**DESCRIPTION OF THE TASK:** Please take the records that follow and repeat exactly the lines starting with the line with "4. Klik op het" and going on through the line with "Porte-brosse à dents".

**PROVIDED MATERIAL:**

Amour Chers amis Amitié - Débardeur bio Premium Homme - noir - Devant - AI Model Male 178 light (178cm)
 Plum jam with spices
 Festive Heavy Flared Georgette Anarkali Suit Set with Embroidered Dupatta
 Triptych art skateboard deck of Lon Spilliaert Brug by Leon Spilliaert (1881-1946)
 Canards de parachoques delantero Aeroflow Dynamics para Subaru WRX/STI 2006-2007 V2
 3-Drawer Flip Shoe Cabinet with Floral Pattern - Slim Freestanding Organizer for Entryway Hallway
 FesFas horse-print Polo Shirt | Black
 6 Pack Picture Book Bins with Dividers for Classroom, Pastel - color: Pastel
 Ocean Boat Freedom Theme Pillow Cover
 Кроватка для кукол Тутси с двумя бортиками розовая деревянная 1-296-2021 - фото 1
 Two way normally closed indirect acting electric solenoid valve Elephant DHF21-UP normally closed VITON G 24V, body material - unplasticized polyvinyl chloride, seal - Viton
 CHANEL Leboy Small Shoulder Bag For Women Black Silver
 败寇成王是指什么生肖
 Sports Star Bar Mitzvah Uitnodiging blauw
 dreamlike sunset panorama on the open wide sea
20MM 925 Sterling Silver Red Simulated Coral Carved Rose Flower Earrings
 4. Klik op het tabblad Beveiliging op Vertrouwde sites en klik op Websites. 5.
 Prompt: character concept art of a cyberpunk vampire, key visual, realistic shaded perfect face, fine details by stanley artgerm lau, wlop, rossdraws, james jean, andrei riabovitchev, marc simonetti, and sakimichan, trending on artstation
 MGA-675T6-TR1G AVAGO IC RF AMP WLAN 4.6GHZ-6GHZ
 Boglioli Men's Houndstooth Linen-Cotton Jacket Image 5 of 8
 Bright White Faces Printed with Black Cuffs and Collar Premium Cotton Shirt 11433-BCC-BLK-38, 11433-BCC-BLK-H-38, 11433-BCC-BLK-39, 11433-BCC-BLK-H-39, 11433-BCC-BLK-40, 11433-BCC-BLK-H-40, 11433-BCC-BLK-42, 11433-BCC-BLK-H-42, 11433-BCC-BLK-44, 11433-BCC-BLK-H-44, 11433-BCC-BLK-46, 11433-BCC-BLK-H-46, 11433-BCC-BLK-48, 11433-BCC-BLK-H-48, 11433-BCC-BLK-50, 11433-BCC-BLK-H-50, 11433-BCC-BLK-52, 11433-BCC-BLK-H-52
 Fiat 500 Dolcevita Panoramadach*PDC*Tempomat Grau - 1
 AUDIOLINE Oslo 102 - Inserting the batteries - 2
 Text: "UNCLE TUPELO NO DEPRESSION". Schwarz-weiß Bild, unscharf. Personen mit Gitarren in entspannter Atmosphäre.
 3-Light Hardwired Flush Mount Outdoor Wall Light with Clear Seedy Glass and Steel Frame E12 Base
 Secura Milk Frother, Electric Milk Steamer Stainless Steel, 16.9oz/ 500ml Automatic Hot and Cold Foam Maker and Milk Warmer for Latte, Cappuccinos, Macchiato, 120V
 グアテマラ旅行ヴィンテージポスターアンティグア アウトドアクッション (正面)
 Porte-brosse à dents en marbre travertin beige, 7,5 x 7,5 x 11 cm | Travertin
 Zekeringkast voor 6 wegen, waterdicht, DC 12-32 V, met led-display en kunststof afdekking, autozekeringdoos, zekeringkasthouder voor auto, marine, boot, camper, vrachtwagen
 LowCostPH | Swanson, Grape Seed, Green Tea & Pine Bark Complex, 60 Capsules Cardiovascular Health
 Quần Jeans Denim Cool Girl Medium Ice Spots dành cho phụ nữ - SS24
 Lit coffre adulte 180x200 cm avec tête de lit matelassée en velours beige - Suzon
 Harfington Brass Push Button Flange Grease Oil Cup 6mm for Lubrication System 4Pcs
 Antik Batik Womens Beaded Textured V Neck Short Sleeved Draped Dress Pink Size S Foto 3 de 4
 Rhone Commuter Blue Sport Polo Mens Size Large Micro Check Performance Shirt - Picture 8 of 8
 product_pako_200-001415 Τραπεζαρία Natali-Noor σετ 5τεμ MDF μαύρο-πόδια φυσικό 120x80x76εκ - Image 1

**ANSWER BOX:**
 4. Klik op het tabblad Beveiliging op Vertrouwde sites en klik op Websites. 5.
 Prompt: character concept art of a cyberpunk vampire, key visual, realistic shaded perfect face, fine details by stanley artgerm lau, wlop, rossdraws, james jean, andrei riabovitchev, marc simonetti, and sakimichan, trending on artstation
 MGA-675T6-TR1G AVAGO IC RF AMP WLAN 4.6GHZ-6GHZ
 Boglioli Men's Houndstooth Linen-Cotton Jacket Image 5 of 8
 Bright White Faces Printed with Black Cuffs and Collar Premium Cotton Shirt 11433-BCC-BLK-38, 11433-BCC-BLK-H-38, 11433-BCC-BLK-39, 11433-BCC-BLK-H-39, 11433-BCC-BLK-40, 11433-BCC-BLK-H-40, 11433-BCC-BLK-42, 11433-BCC-BLK-H-42, 11433-BCC-BLK-44, 11433-BCC-BLK-H-44, 11433-BCC-BLK-46, 11433-BCC-BLK-H-46, 11433-BCC-BLK-48, 11433-BCC-BLK-H-48, 11433-BCC-BLK-50, 11433-BCC-BLK-H-50, 11433-BCC-BLK-52, 11433-BCC-BLK-H-52
 Fiat 500 Dolcevita Panoramadach*PDC*Tempomat Grau - 1
 AUDIOLINE Oslo 102 - Inserting the batteries - 2
 Text: "UNCLE TUPELO NO DEPRESSION". Schwarz-weiß Bild, unscharf. Personen mit Gitarren in entspannter Atmosphäre.
 3-Light Hardwired Flush Mount Outdoor Wall Light with Clear Seedy Glass and Steel Frame E12 Base
 Secura Milk Frother, Electric Milk Steamer Stainless Steel, 16.9oz/ 500ml Automatic Hot and Cold Foam Maker and Milk Warmer for Latte, Cappuccinos, Macchiato, 120V
 グアテマラ旅行ヴィンテージポスターアンティグア アウトドアクッション (正面)
 Porte-brosse à dents en marbre travertin beige, 7,5 x 7,5 x 11 cm | Travertin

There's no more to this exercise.